# Hybrid Localisation

### What is Robot Localization?

Every mobile robot must answer one fundamental question before it can do anything useful: **"Where am I?"** The process of determining a robot's position and orientation within a map of its environment is called **localization**. Without it, the robot cannot plan a path to a destination, avoid obstacles along the way, or know when it has arrived. Localization is the invisible foundation that makes autonomous navigation possible.

Think of it like waking up in a hotel room in a city you have visited before. You know what the city looks like (you have a map). You can see the room around you (your sensors are working). But you do not know which hotel you are in, which floor, or which direction you are facing. You need to figure out your position on the map before you can navigate to the breakfast buffet.

### Why is Localization Hard?

Localization sounds straightforward, but in practice it involves several genuinely difficult problems:

| Challenge                            | Description                                                                                                                                                                            |
| ------------------------------------ | -------------------------------------------------------------------------------------------------------------------------------------------------------------------------------------- |
| **Global localization (cold start)** | The robot is powered on at an unknown location in a known map.

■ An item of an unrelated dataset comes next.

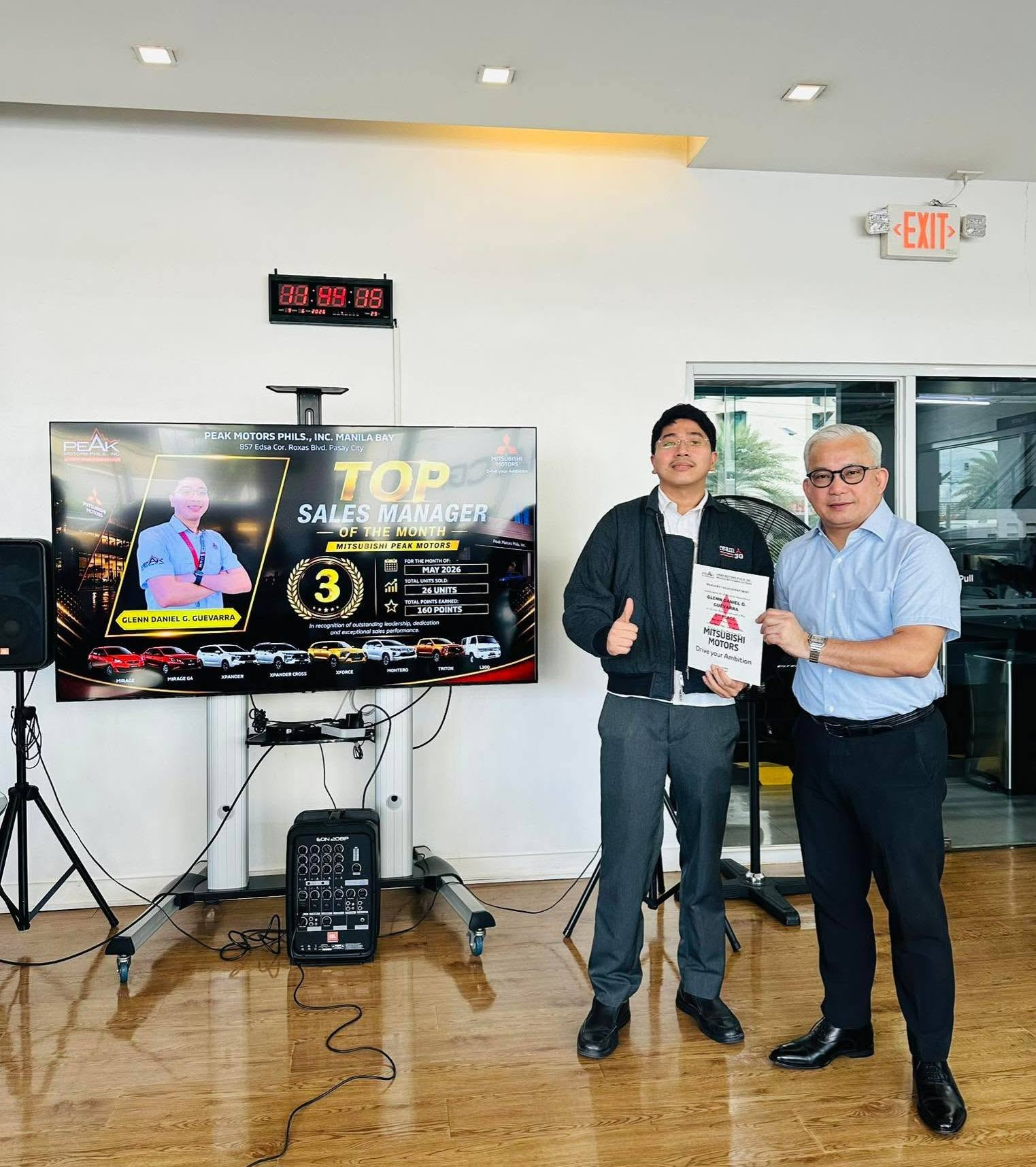 Glenn Guevarra with his Mitsubishi Motors sales recognition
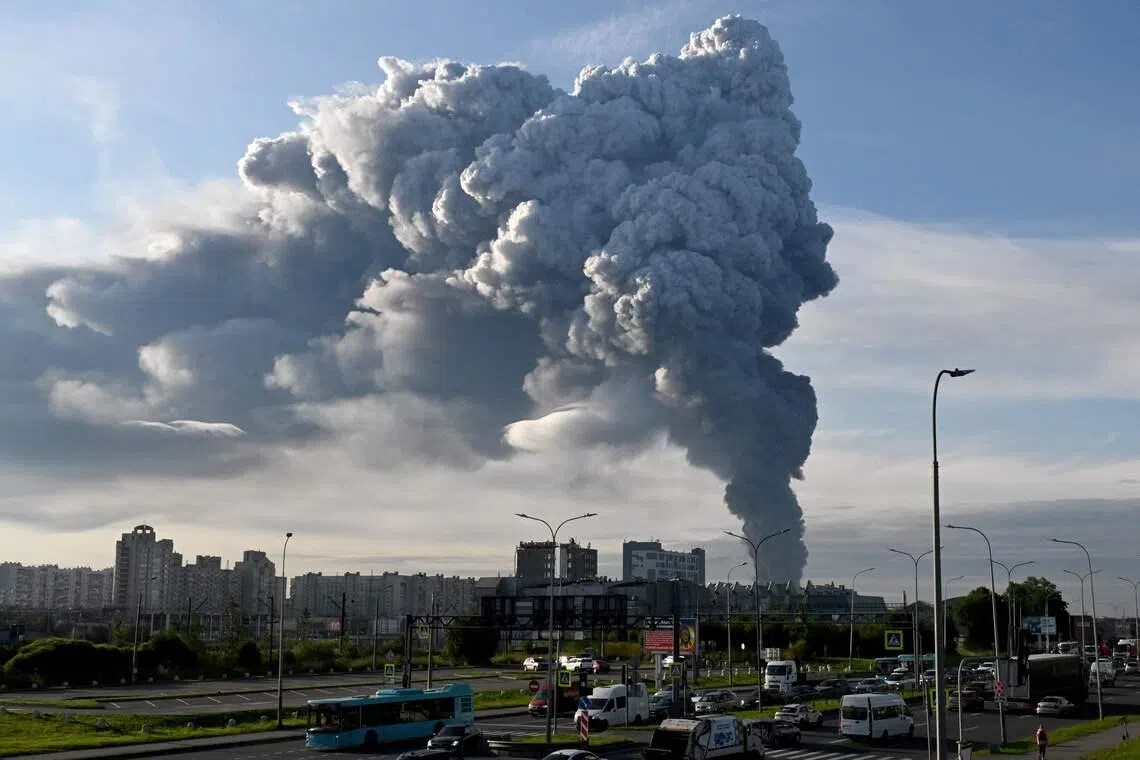 Smoke rises from a warehouse for a Russian e-commerce giant near Saint Petersburg after being hit by Ukrainian drones early on July 24.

It must determine its position from scratch, without any prior information. This is the hardest variant.                |
| **Continuous tracking**              | Once the robot knows where it is, it must keep track of its position as it moves. Sensors drift over time — wheels slip, gyroscopes accumulate error, laser scans get noisy.           |
| **Environmental change**             | The real world changes. Furniture gets moved, doors open and close, boxes appear in hallways. The map may not perfectly match what sensors see today.                                  |
| **Symmetric environments**           | Long corridors, identical meeting rooms, and repeating architectural features look the same from multiple positions. The laser scanner sees identical geometry at different locations. |
| **Kidnapped robot problem**          | The robot is physically picked up and placed somewhere else (or its localization catastrophically fails). It must detect that it is lost and re-localize automatically.                |

> No single localization technique handles all of these well. That observation is what led to this hybrid system.

### What This System Does

The hybrid localization system combines three complementary technologies into one architecture:

| Technology                          | Description                                                                                   |
| ----------------------------------- | --------------------------------------------------------------------------------------------- |
| **Visual Place Recognition (VPR)**  | Uses camera images to estimate which general area of the map the robot is in                  |
| **Correlative Scan Matching (CSM)** | Uses LiDAR to brute-force search for the exact position, guided by the VPR hint               |
| **Nav2 AMCL**                       | The standard ROS 2 particle filter for smooth, continuous position tracking during navigation |

Together, these three systems handle every failure mode listed above:

* **VPR** breaks symmetry
* **CSM** provides instant global localization
* **AMCL** provides robust continuous tracking

A health monitor watches AMCL's output and triggers automatic recovery when needed. **No human intervention is required at any point.**

### Architecture

The system is implemented as three ROS 2 nodes working together, orchestrated by a state machine in the Hybrid Localization Manager. This node does not publish any TF transforms — Nav2 AMCL is the sole authority for the `map→odom` transform. The hybrid node acts as a quality gate: it finds initial poses, validates them, feeds them to AMCL, and monitors AMCL's output for failures.

#### The Three Nodes

| Node                            | Phase      | Description                                                                                                 |
| ------------------------------- | ---------- | ----------------------------------------------------------------------------------------------------------- |
| **VPR Capture Node**            | Mapping    | Captures camera snapshots during SLAM, computes visual embeddings, stores `(embedding, pose)` pairs to disk |
| **VPR Query Node**              | Navigation | Matches current camera view against the database at 2 Hz, publishes rough location hints                    |
| **Hybrid Localization Manager** | Navigation | Main orchestrator containing CSM, candidate ranking, AMCL seeding, and health monitoring                    |

**Node 1: VPR Capture Node (Mapping Phase)**

This node runs while the robot is building a map using SLAM. As the robot explores its environment, the capture node periodically takes camera snapshots, computes a compact visual fingerprint (called an embedding) for each image, and stores it alongside the robot's current map-frame position. The result is a database of `(embedding, pose)` pairs saved to disk alongside the map.

**Capture triggers:**

* Movement > **10 cm** from last capture
* Rotation > **\~11°** from last capture

This ensures good spatial coverage without wasting storage on redundant images.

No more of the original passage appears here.